Spirituele tekst 4

Spirituele Pinksteren 4: Christus, het licht der wereld
Spirituele tekst voor woensdagavond voor Pinksteren

 

BESTEL HET EVANGELIE VAN DE HEILIGE TWAALVEN

Vervolgens sprak Jezus weer tegen hen: ‘Ik ben het Licht van de wereld; die mij volgt zal niet in de duisternis wandelen, maar het Licht van het leven bezitten.’

Daarom zeiden de farizeeën tot hem: ‘U spreekt over uzelf, uw getuigenis is niet waar.’

Jezus antwoordde: ‘Al spreek ik over mijzelf, toch is mijn getuigenis waar, want ik weet vanwaar ik kom en waarheen ik ga, maar u kunt niet zeggen vanwaar ik kom en waarheen ik ga. U oordeelt volgens het vlees; ik oordeel niemand. En toch, als ik oordeel is mijn oordeel waar; ik ben immers niet alleen, maar ik kom van de vader-moeder die mij gezonden heeft.

In uw wet staat ook geschreven dat de getuigenverklaring van twee mensen waar is. Ik ben een die getuigt van zichzelf; Johannes getuigde van mij en hij is een profeet, en de geest van de waarheid die mij gezonden heeft, getuigt van mij.’

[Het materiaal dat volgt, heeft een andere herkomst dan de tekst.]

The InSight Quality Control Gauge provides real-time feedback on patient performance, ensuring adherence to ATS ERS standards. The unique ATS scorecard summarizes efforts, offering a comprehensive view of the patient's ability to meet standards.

Toen zeiden zij tegen hem: ‘Waar zijn uw vader en uw moeder?’ Jezus antwoordde: ‘U kent mij, noch mijn vader-moeder; als u mij gekend had zou u ook mijn vader en moeder kennen.’

Iemand zei: ‘Toon ons de vader, toon ons de moeder en wij zullen u geloven.’ Hij antwoordde: ‘Als u uw broeder gezien hebt en zijn liefde gevoeld hebt, hebt u de vader gezien; als u uw zuster gezien hebt en haar liefde gevoeld hebt, hebt u de moeder gezien.  Overal kent de alheilige wat hem behoort; ja, in ieder van u kan het vaderschap en het moederschap gezien worden, want de vader en de moeder zijn een in God.’

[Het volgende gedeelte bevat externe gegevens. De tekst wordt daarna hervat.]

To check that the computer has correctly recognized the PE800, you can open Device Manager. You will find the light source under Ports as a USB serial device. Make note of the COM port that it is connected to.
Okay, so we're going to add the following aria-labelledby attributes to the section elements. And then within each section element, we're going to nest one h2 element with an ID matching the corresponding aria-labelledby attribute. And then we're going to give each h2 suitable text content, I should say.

Deze woorden sprak Jezus in de schatkamer terwijl hij in de tempel onderrichtte. Niemand legde zijn hand op hem, want zijn uur was nog niet gekomen. Weer zei Jezus tegen hen: ‘Ik ga mijn weg, u zult mij zoeken en in uw zonden sterven; waarheen ik ga, kunt u niet komen.’

Toen zeiden de joden: ‘Zou hij de hand aan zichzelf slaan, omdat hij zei: Waarheen ik ga, kunt u niet komen?’ Hij antwoordde: ‘U bent van beneden; ik ben van boven; u bent van deze wereld; ik ben niet van deze wereld. Daarom zei ik tegen u dat u in uw zonden zult sterven, want als u niet gelooft dat ik uit God ben dan zult u in uw zonden sterven.’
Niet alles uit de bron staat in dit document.